I just did some experimenting with this.  I was able to secure the use of a
friend's drum scanner, and scanned the slides (two of them, of course) at a
"moderate" 3000x4500 pixels (the scanner is capable of over 8000x12,000 per
35mm frame).  This is a slightly higher resolution than I get from the
service bureau that outputs my computer slides.  Also, I wanted to keep the
file size moderate, and these weighed in at about 40Megs uncompressed.

The results were pretty good.  The electronic "dupe" was still not quite as
sharp as the original (i.e. you could tell them apart), but I doubt that
someone unfamiliar with the original would be able to tell its a dupe.
Certainly, the electronic dupe was significantly better than the optical
dupes I've been getting locally, which I am told are of a very good
quality.  In particular, I was able to suppress the increase in contrast
that is almost unavoidable in optical duping - there was practically no
increase in contrast with the electronic dupe.
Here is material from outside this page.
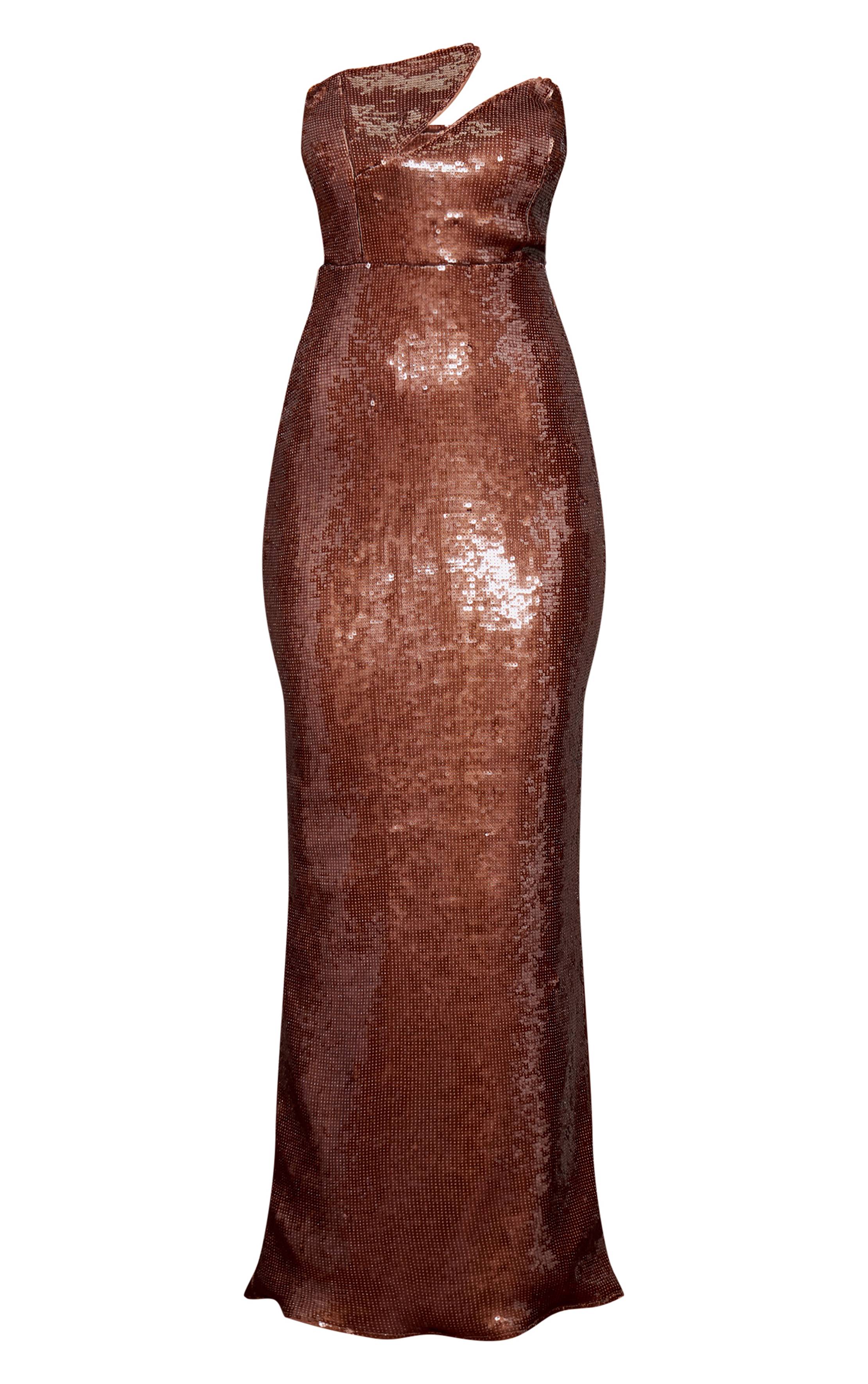 Marron Robe Maxi Bandeau À Armatures Ornée De Sequins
Another advantage: no wear and tear on your original, should you want to
make very large numbers of dupes (i.e. no fading).  Also, as mentioned by
Lattie, you can do touch ups.

However, the cost is considerable, even given free use of a $50,000 drum
scanner.  The slides have to be unmounted, the emulsion cleaned and
prepared with an anti-Newton ring "mister", then carefully taped to the
drum.  There was no good way to align the slides, so some rotation
corrections had to be done in software.  To do this efficiently, you need
about 200Megs of RAM.  After the scanning the emulsion needs to be cleaned
again, to remove the anti-Newton mist.  Then each dupe at the service
bureau costs five dollars.  That's ten bucks for a stereo pair.  But it
_will_ be the best looking duped pair you can get.  (Next time I'll scan at
an even higher resolution.  If there is a next time.)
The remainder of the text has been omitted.